Vorrei raccontare di più, perché questo è stato forse il sogno/l'apparizione che mi ha coinvolta maggiormente, ma non voglio togliervi il piacere di incontrare da soli l'ironia, vero marchio distintivo di Fabio Genovesi, che non si sottrae ad alcun argomento ed è in grado di parlare di violenza domestica, ma anche altrove di morte, discriminazione di genere, difficoltà economiche senza mai cadere nella cupezza assoluta. L'ironia non è mai, chiaramente, irrispettosa nei confronti dei soggetti; punta, come nel caso di Isolina, a osservare il mondo da un'altra prospettiva, meno disperante, più aperta al mutamento. Si osservi, ad esempio, la delicata innocenza con cui Fabio, da piccolo, trova una facile soluzione alla zia Irene:
«Scusa zia, ma se non ti piacciono i maschi è un problema?»
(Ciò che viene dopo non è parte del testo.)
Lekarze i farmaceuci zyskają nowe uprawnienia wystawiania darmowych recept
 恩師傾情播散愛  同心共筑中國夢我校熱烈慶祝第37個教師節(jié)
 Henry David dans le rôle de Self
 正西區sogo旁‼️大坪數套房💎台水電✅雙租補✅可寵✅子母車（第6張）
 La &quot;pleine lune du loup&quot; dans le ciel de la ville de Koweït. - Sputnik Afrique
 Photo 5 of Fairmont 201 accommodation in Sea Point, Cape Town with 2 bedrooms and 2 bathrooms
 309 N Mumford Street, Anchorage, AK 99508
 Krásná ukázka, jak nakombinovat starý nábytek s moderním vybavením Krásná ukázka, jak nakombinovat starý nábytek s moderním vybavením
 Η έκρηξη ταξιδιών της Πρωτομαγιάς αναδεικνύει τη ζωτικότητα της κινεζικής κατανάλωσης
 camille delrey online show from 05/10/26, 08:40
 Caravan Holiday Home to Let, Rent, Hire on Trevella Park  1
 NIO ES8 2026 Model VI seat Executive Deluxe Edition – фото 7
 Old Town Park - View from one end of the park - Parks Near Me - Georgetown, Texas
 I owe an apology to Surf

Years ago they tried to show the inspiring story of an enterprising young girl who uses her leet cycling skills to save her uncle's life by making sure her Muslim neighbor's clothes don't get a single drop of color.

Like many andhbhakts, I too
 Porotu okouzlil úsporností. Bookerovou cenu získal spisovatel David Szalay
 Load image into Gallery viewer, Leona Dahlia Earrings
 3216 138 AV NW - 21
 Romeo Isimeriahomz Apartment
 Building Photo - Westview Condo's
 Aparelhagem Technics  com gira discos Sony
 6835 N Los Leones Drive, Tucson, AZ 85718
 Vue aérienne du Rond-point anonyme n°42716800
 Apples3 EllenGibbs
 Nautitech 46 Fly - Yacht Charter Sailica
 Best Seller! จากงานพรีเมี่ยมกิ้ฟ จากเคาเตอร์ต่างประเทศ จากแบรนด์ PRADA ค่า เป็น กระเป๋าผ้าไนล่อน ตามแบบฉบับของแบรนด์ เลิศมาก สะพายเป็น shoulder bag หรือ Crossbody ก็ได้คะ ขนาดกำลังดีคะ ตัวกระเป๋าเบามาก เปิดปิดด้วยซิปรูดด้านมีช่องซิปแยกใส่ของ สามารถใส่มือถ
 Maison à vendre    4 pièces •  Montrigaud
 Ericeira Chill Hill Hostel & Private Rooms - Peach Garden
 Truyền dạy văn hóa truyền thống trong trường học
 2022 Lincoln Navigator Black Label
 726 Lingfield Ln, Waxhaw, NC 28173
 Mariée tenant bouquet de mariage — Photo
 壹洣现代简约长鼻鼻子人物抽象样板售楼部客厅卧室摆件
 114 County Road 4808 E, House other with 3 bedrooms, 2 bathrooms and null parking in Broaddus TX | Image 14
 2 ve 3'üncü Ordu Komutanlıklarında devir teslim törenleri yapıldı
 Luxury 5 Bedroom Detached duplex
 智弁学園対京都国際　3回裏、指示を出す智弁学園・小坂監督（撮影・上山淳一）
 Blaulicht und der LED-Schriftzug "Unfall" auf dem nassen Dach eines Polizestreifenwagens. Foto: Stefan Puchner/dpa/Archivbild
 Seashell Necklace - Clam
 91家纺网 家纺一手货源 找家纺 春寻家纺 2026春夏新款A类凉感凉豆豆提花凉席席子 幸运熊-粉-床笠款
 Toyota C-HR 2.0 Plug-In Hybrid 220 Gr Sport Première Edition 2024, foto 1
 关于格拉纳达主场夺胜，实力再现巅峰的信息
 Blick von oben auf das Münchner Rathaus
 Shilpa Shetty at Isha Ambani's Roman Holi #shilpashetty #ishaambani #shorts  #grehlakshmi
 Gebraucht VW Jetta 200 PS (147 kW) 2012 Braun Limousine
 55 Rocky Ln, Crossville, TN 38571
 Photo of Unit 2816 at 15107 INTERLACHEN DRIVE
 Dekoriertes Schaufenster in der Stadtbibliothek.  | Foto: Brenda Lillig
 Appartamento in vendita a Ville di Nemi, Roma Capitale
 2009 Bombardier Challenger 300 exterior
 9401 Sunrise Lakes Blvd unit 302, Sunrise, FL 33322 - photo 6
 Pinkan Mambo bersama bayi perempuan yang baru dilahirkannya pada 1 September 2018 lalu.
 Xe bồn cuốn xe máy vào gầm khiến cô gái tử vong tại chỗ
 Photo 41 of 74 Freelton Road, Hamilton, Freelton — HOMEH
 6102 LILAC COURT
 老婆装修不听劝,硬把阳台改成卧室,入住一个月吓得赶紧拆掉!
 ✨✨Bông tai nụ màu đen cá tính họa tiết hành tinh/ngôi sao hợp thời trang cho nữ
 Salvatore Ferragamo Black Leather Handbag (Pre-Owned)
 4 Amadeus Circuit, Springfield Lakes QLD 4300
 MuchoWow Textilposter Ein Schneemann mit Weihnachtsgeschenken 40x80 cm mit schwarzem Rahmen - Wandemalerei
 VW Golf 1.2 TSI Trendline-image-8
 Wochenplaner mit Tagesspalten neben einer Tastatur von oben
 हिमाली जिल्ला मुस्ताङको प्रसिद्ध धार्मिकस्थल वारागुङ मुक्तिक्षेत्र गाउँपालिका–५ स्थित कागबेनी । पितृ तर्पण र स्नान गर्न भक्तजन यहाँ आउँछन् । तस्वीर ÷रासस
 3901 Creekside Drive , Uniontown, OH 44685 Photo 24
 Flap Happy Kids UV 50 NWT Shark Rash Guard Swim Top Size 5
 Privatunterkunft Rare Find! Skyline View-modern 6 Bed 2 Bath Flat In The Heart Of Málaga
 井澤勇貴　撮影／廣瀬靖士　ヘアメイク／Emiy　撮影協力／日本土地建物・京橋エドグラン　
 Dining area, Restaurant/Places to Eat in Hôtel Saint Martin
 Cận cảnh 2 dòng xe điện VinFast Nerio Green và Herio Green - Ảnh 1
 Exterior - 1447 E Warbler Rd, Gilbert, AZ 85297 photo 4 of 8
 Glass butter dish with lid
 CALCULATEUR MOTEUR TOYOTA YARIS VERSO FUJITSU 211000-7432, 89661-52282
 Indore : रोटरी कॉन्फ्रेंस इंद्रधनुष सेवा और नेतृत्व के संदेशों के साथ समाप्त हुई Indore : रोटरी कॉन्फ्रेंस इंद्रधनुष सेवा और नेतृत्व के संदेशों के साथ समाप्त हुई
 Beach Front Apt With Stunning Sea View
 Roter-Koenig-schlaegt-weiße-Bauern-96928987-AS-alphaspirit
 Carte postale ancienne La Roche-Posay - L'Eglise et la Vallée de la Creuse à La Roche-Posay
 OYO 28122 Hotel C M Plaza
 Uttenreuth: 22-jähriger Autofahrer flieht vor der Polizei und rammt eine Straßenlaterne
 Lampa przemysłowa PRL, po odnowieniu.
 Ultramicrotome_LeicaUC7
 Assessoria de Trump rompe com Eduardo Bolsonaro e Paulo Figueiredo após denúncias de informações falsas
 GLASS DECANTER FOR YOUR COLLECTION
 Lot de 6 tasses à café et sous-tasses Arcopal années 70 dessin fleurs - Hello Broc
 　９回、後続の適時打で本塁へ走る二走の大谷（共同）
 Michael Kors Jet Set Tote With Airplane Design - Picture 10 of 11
«Sì. Cioè, no, però per avere un bambino sì».
«Secondo me no. Se non ti piacciono i maschi, basta che fai una bimba e sei a posto». (p. 87)
Se è vero che «in ogni epoca e a ogni latitudine, noi abbiamo solo bisogno di chiudere gli occhi e credere a qualcuno a qualcosa» (p. 50) anche per non essere schiacciati dalla corsa del tempo o dalla ricerca di senso tout-court, Fabio Genovesi crede nella forza dei ricordi e delle relazioni famigliari. E, si badi, non si tratta solo di famiglia tradizionale, come l'autore ha tenuto a sottolineare in tante interviste uscite in queste settimane:
[...] A tornare a me non sono le donne della mia famiglia di sangue, ma di quella famiglia più grande e profonda che non è tenuta insieme dallo scuro appiccicoso del sangue, ma da una colla più intensa e trasparente, che è l'amore. Una parentela di affetti, di persone che ti amano e ami, che scegli e ti scelgono. Se la famiglia di sangue è un albero, questa è un bosco, dove le radici sono diverse ma i rami salgono a intrecciarsi e sorreggersi in magnifici disegni sempre diversi. (p. 104)
È dunque l'affetto a selezionare di chi parlare e di chi no; e non sempre si tratta di presenze radicate per lungo tempo nella vita di Fabio. Ci sono anche figure che, quasi farfalle dai colori vividissimi, hanno portato la loro bellezza effimera e sono morte prematuramente. Insomma, nella selezione delle sue maestre, Genovesi adotta criteri diversi, che potremmo riassumere nell'espressione "chi gli ha lasciato qualcosa", o attraverso il racconto altrui (come la trisnonna, figura quasi leggendaria in famiglia) o attraverso esperienze condivise e scolpite nella memoria (come la splendida Benedetta, stroncata dalla droga, o la piccola zia Gilda, che lo accompagnava in chiesa e gli ha reso più sopportabili i funerali).
Le osservazioni esistenziali non mancano, così come i bilanci, complice la soglia dei cinquant'anni che rende inevitabile e molto comprensibile il guardarsi indietro e riflettere sul proprio percorso. A qualche momento in cui il narratore si immalinconisce, si alternano episodi in cui la dimensione dell'infanzia rifulge, autentica e piena di quel tutto da fare che riempie i bambini di speranza. Col tempo, con la crescita, tanto cambia e purtroppo ha ragione Genovesi: «A questo ci abituiamo, a una vita piena di noia, con occasionali sollievi di niente» (p. 161). È anche grazie a romanzi come i suoi, pieni di innocenza, bonaria ironia e gratitudine verso il passato, che possiamo pacificarci e rievocare il tempo della creatività, della vitalità innocente e di una genuina e spensierata apertura al divenire. Ed è come tornare a respirare.